> [Problem to solve]:
Exactly as written, reproduce the lines from the beginning of the data through the line containing "18 февраля 2021 г. рождественская история"; the pictures are not reproduced.

> [Caption-style text data]:
********************

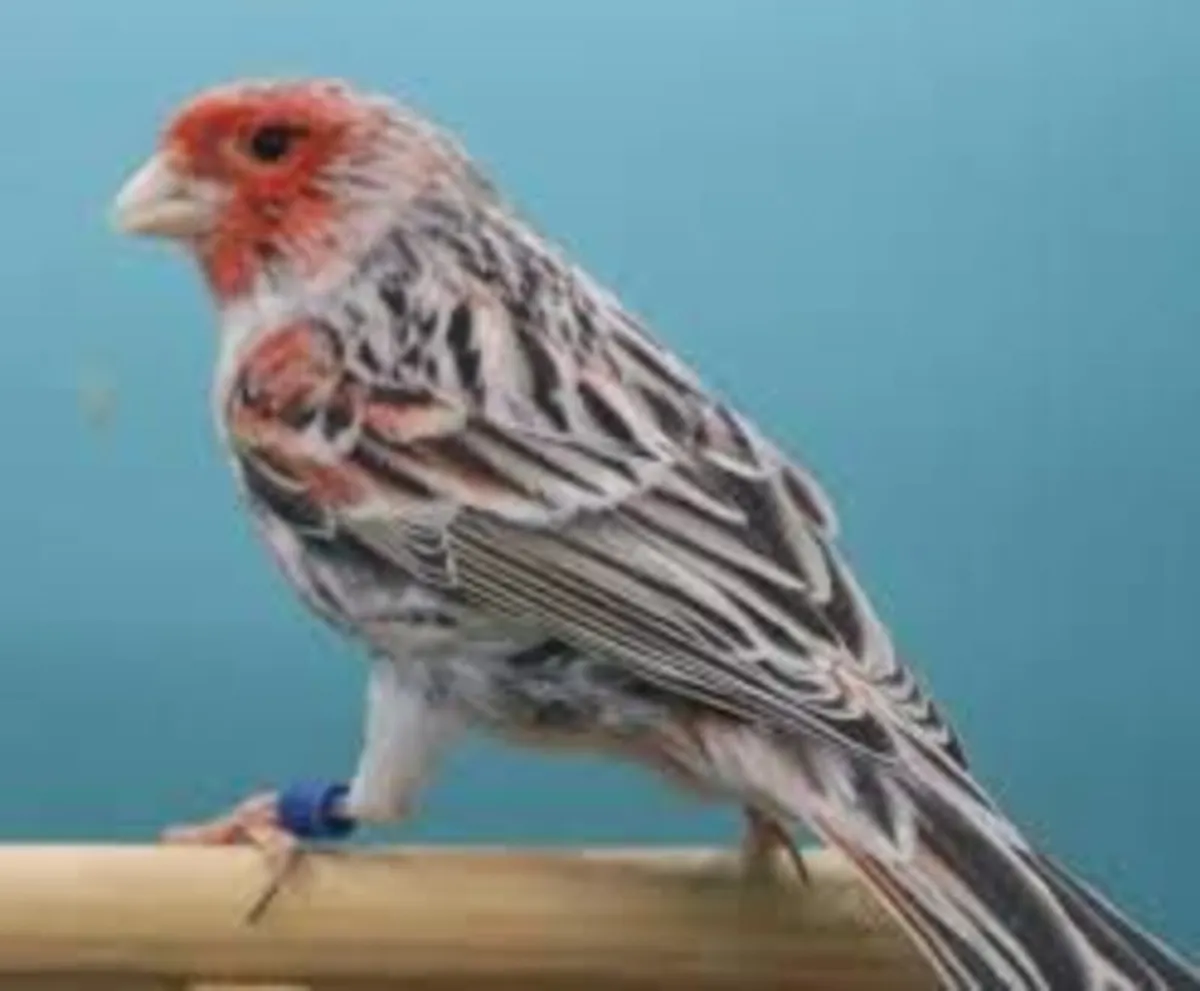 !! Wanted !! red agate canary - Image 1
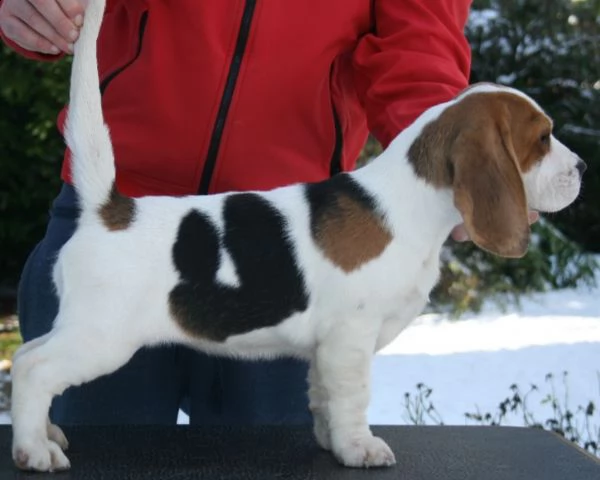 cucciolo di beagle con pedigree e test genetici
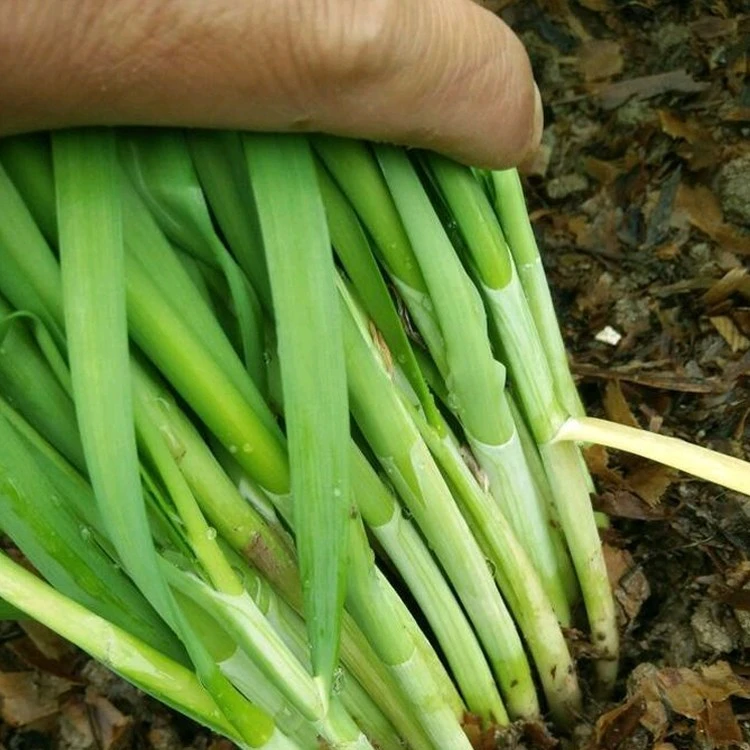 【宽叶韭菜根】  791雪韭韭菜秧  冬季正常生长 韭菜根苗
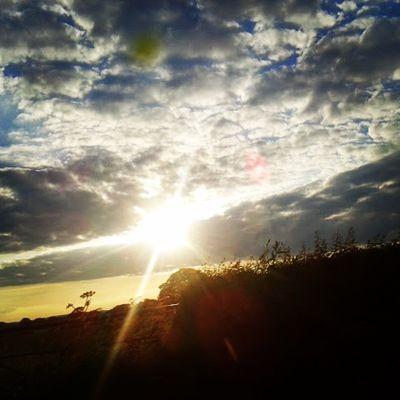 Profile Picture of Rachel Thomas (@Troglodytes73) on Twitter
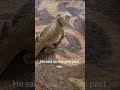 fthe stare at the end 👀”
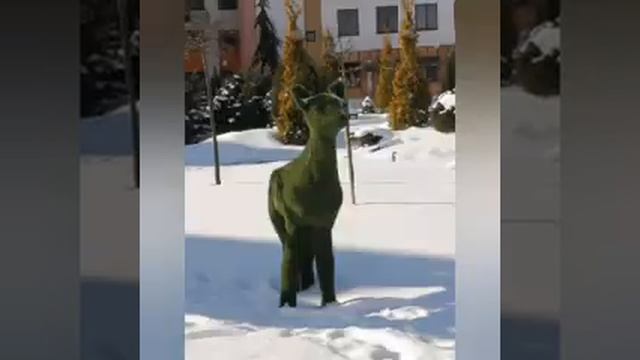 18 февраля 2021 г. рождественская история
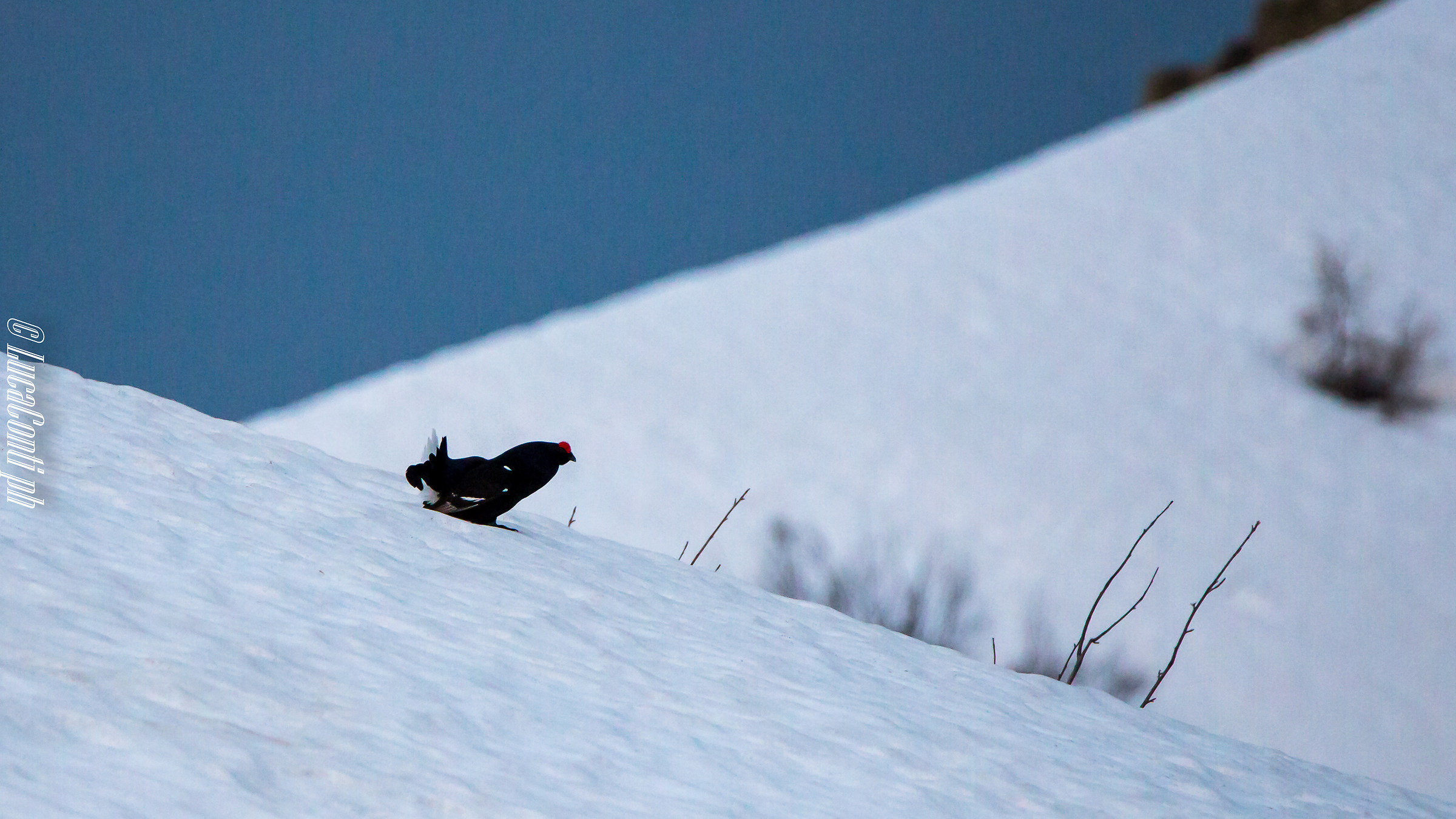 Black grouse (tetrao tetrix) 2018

********************

> [Answer space]:
 !! Wanted !! red agate canary - Image 1
 cucciolo di beagle con pedigree e test genetici
 【宽叶韭菜根】  791雪韭韭菜秧  冬季正常生长 韭菜根苗
 Profile Picture of Rachel Thomas (@Troglodytes73) on Twitter
 fthe stare at the end 👀”
 18 февраля 2021 г. рождественская история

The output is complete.